Both the Congress and AAP have ruled out any alliance in Delhi
NEW DELHI: After sharing stage for Mamata Banerjee’s mega opposition rally on Saturday, the Congress and the Aam Aadmi Party (AAP) – sworn rivals in Delhi – are in for a tight squeeze on a four-party “election committee” asked to work on strategy to take the campaign forward.
The group of four, with a leader each from the Samajwadi Party, the Bahujan Samaj Party, the Congress and AAP, is tasked with taking the 23-party unity show beyond symbolism in the campaign for the national election, due by May.
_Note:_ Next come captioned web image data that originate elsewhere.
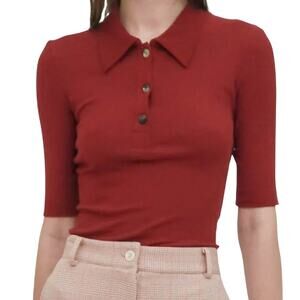 Rosetta Getty Maroon Red Organic Mercerized Cotton Polo Shirt size XS NEW Tags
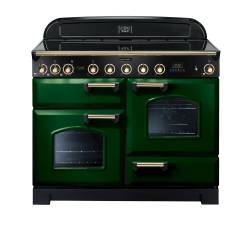 Rangemaster CDL110EIRGB - 110cm Classic Deluxe Electric Induction Racing Green Brass Range Cooker 113080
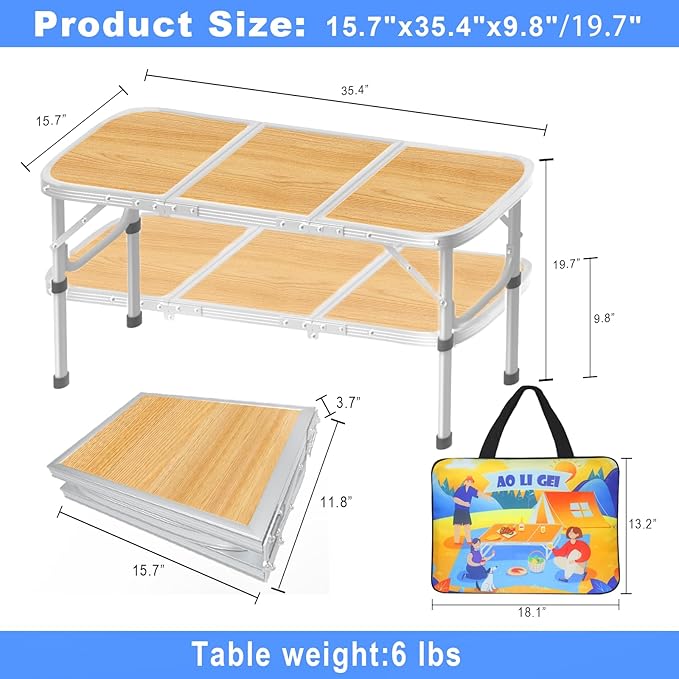AO LI GEI Folding Camping Table Small with Storage Bag,Adjustable Height Portable Picnic Table,Upgraded Thickening Lightweight Outdoor Table Aluminum Legs (Brown:15.7"x35.4", 2 Height:9.8"/19.7")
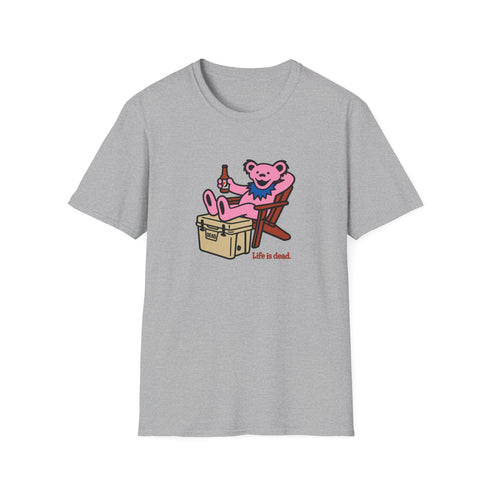 Chillin' Bear - Pink - Life is dead. Grateful Dead T-Shirt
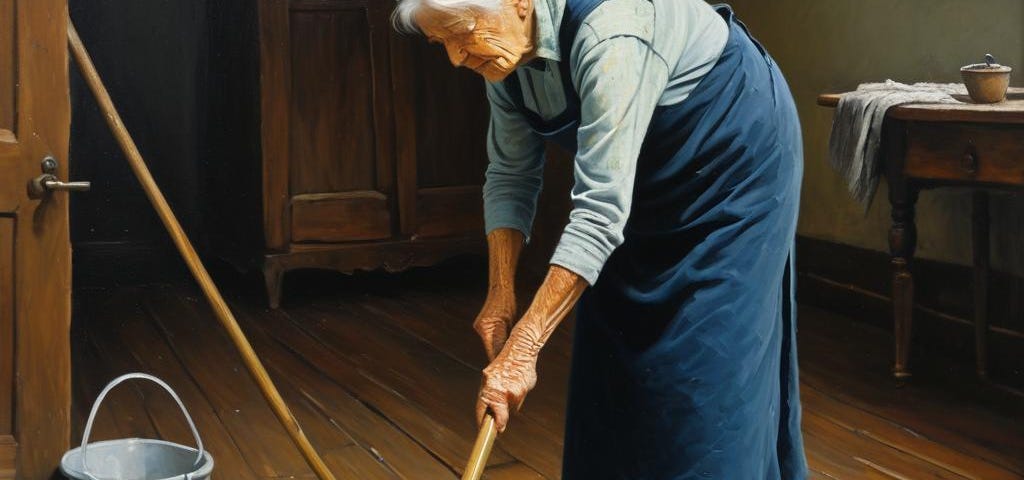 Oil painting of an older woman mopping a hardwood floor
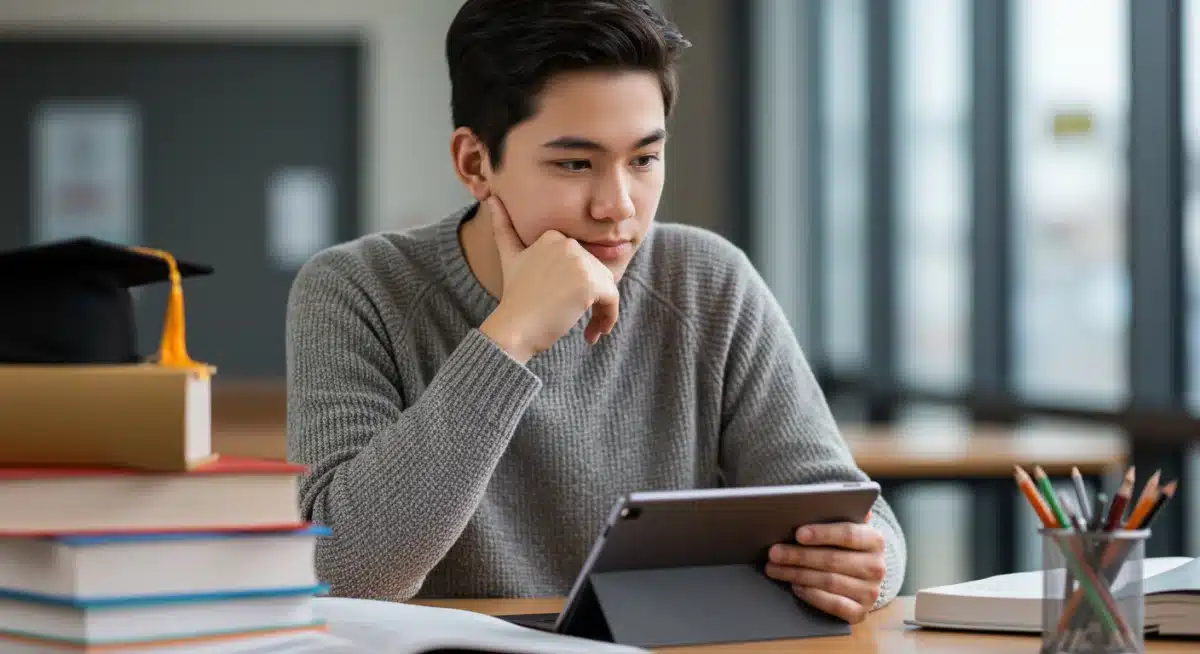 Estudiante concentrado en el aprendizaje personalizado y la evaluación por competencias utilizando una tablet.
Samajwadi Party leader Akhilesh Yadav, Congress’s Abhishek Manu Singhvi, BSP’s Satish Mishra and AAP leader Arvind Kejriwal are its members.
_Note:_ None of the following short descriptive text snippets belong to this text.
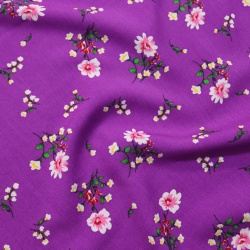 TECIDO VISCOSE ESTAMPADA FLORAL FUNDO VIOLETA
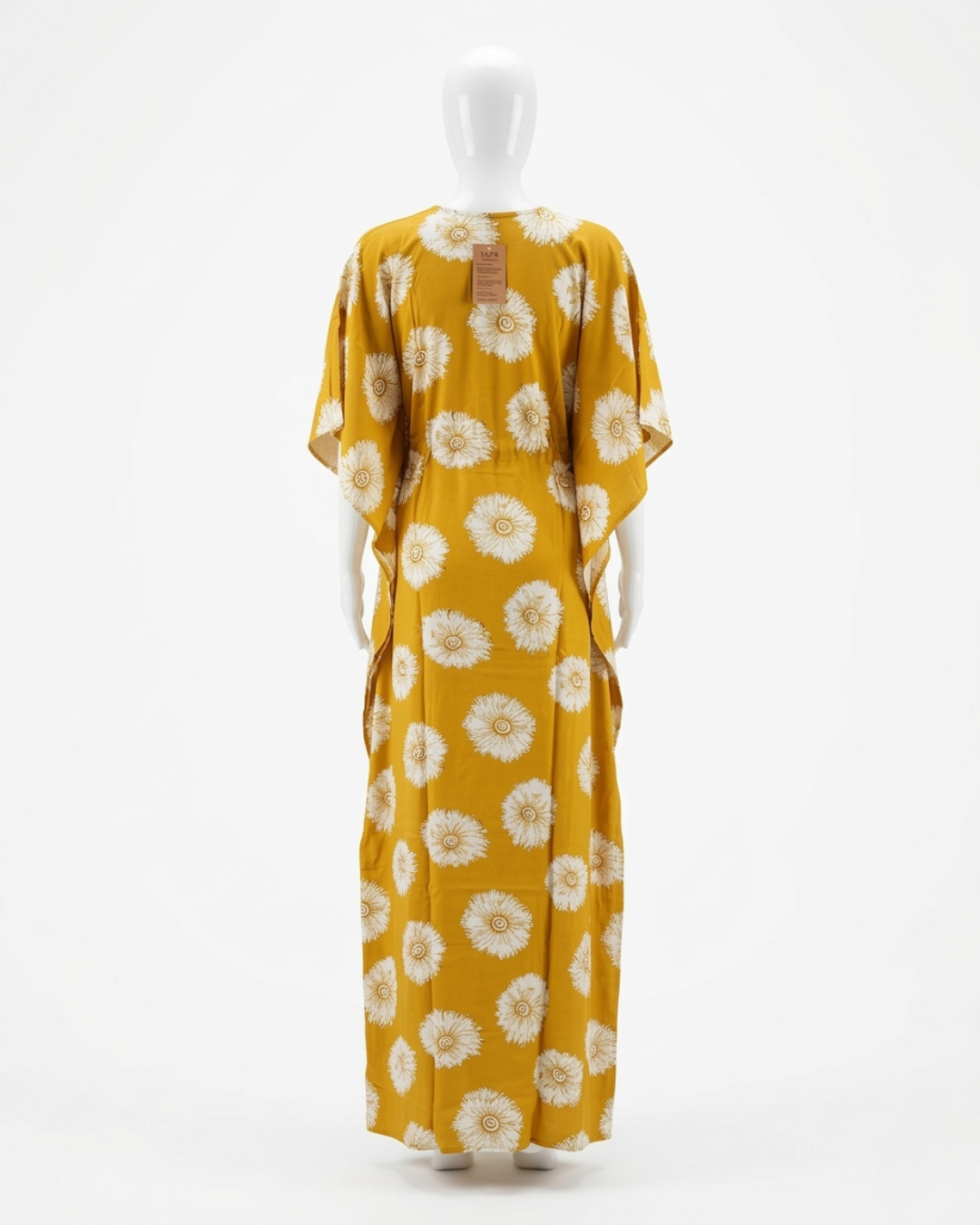 Floral Print Rayon Maxi Dress - Half Sleeve Casual Kaftan with Zip Closure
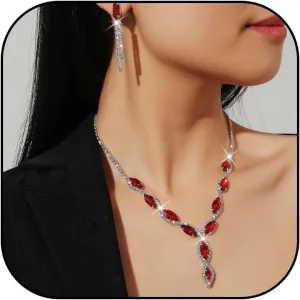 Bridal Wedding Jewelry Sets for Brides Bridesmaid Formal Rhinestone Necklace and Earrings Set Costume Jewelry for Women Prom Jewelry Set Accessories for Wedding Day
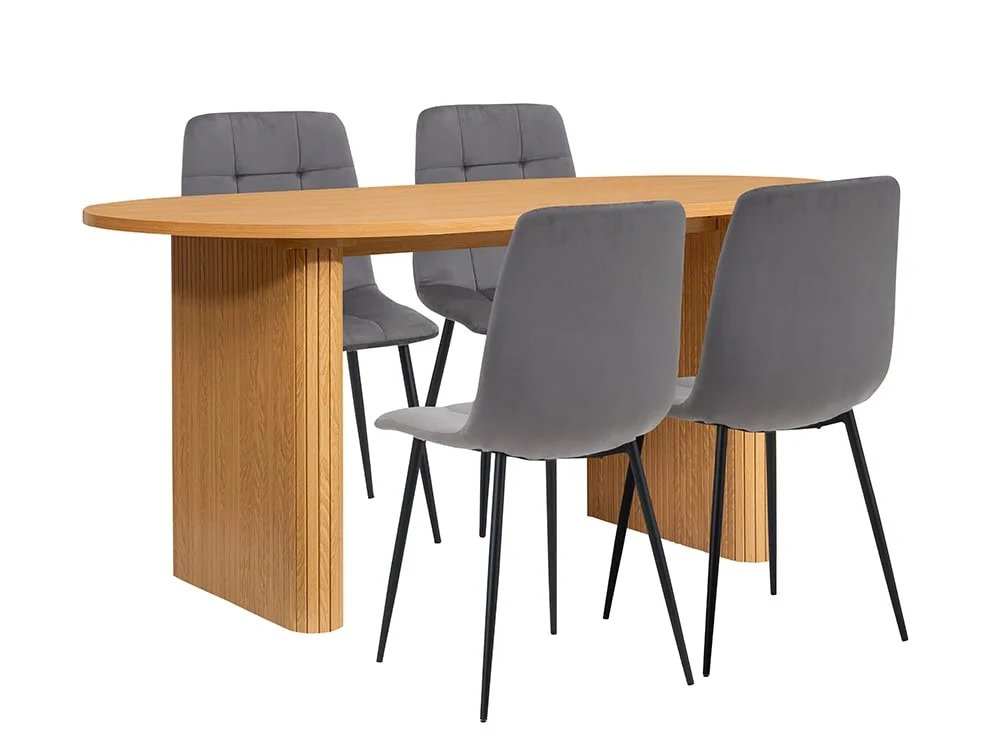 Birlea Birlea Axel Oak Dining Table and 4 Chair Set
For the Congress, it is an uncomfortable foursome; besides persistent baiter AAP, the others are the rivals-turned-allies who decided to keep Rahul Gandhi’s party out of the Uttar Pradesh gathbandhan or grand coalition declared earlier this month.
The election committee is described by leaders as a “first step” in their mission to oust the BJP. The choice of members is bound to raise eyebrows, leaders admit, but they say it may be the best way to get rid of the cobwebs.
On the panel’s agenda is election reforms, including optimal use of Electronic Voting Machines (EVMs), which opposition parties allege has been manipulated by the ruling BJP in polls. Many in the rally had called for the scrapping of the machines in the upcoming Lok Sabha election.
Mamata Banerjee’s opposition unity party created a huge buzz as leader after leader hit out at Prime Minister Narendra Modi and the BJP.
On Sunday, PM Modi took a swipe at the rally and said opposition leaders’ only refrain was “bachao, bachao, bachao (help)”. Congress president Rahul Gandhi hit back with a tweet saying those were cries for help of jobless youth, farmers in distress, persecuted minorities and small businessmen for freedom from tyranny.